▶ **REQUIREMENT**
Print, exactly as written, the line in the entries below that contains "Ảnh: QN Tài" and every line after it up to and including the last. Omit pictures.

*** PROVIDED ENTRIES ***

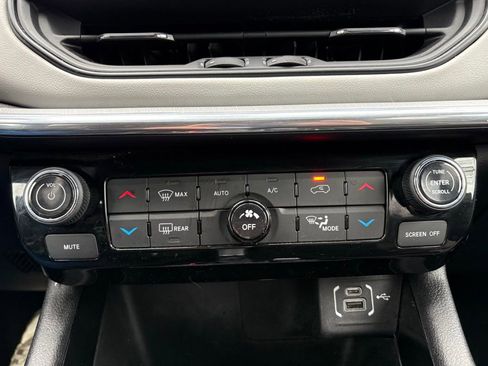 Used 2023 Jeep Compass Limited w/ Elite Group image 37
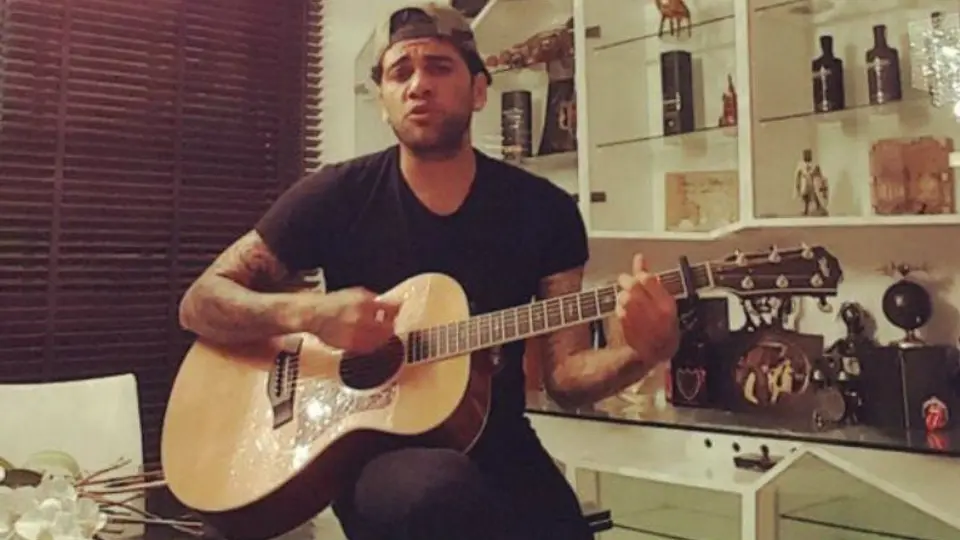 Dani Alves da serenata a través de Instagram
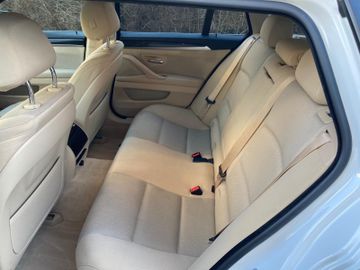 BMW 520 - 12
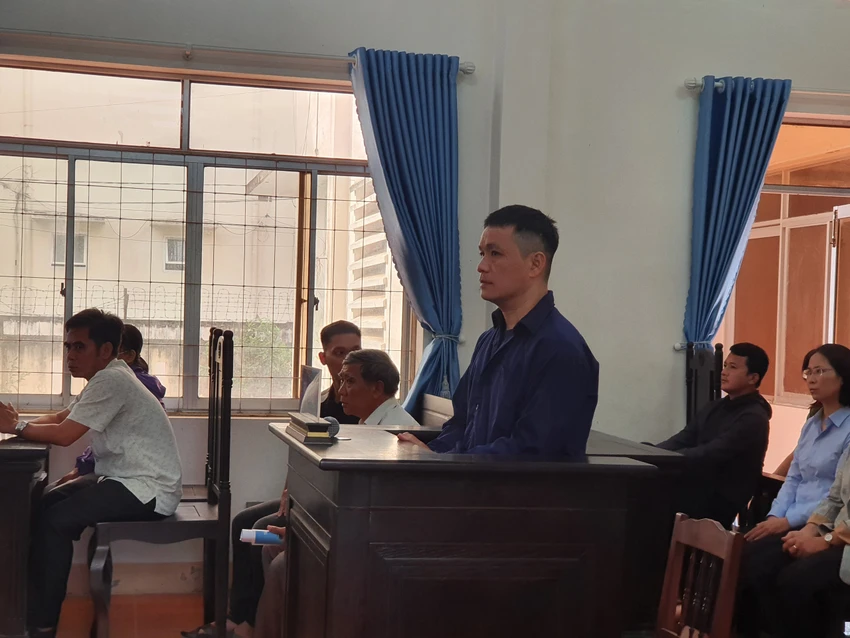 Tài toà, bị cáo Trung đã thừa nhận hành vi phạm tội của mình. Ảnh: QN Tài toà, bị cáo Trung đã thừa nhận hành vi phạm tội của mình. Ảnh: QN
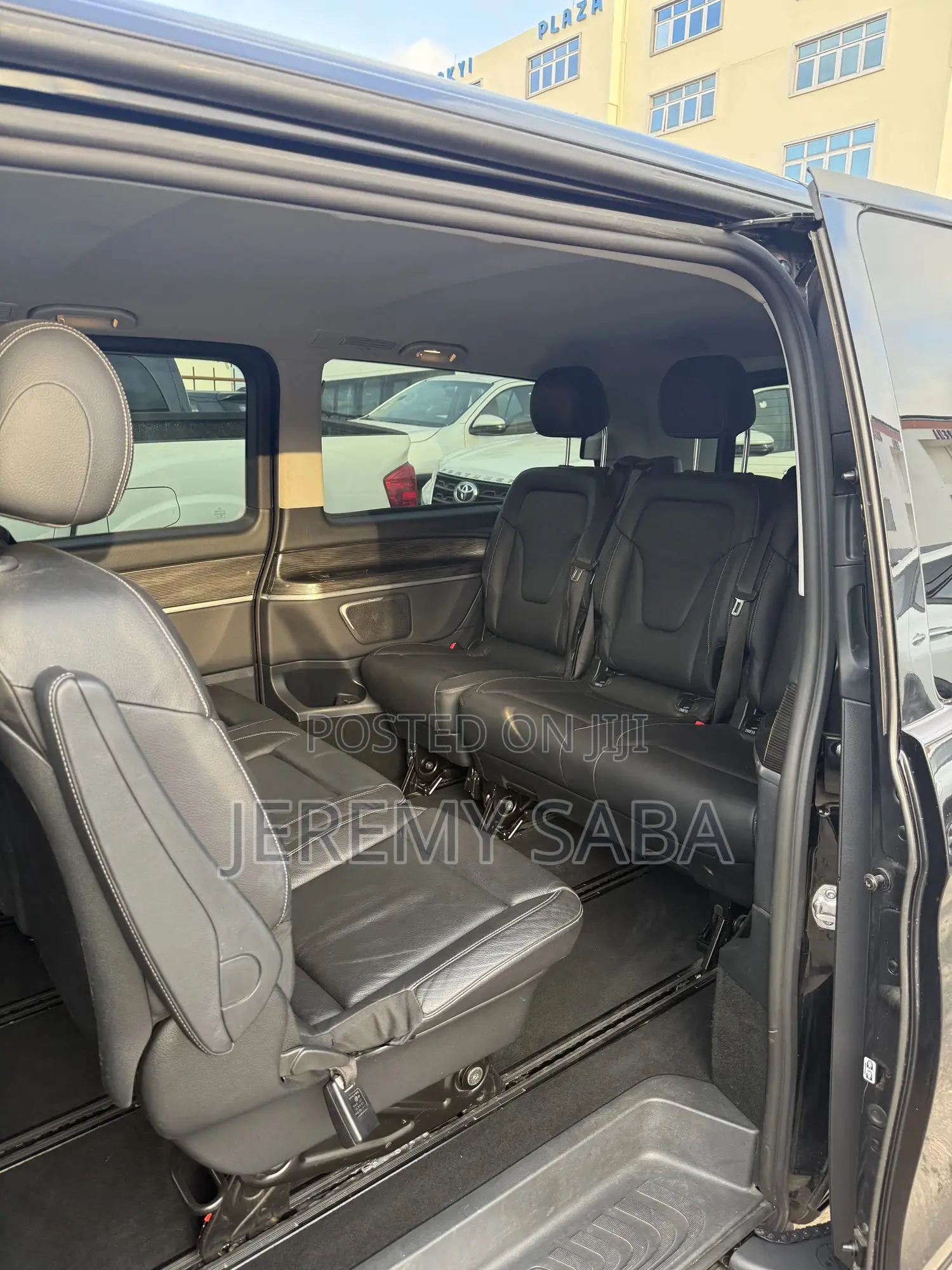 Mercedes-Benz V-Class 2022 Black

*** End of PROVIDED ENTRIES ***

▶ **SOLUTION TO THIS PROBLEM**
 Tài toà, bị cáo Trung đã thừa nhận hành vi phạm tội của mình. Ảnh: QN Tài toà, bị cáo Trung đã thừa nhận hành vi phạm tội của mình. Ảnh: QN
 Mercedes-Benz V-Class 2022 Black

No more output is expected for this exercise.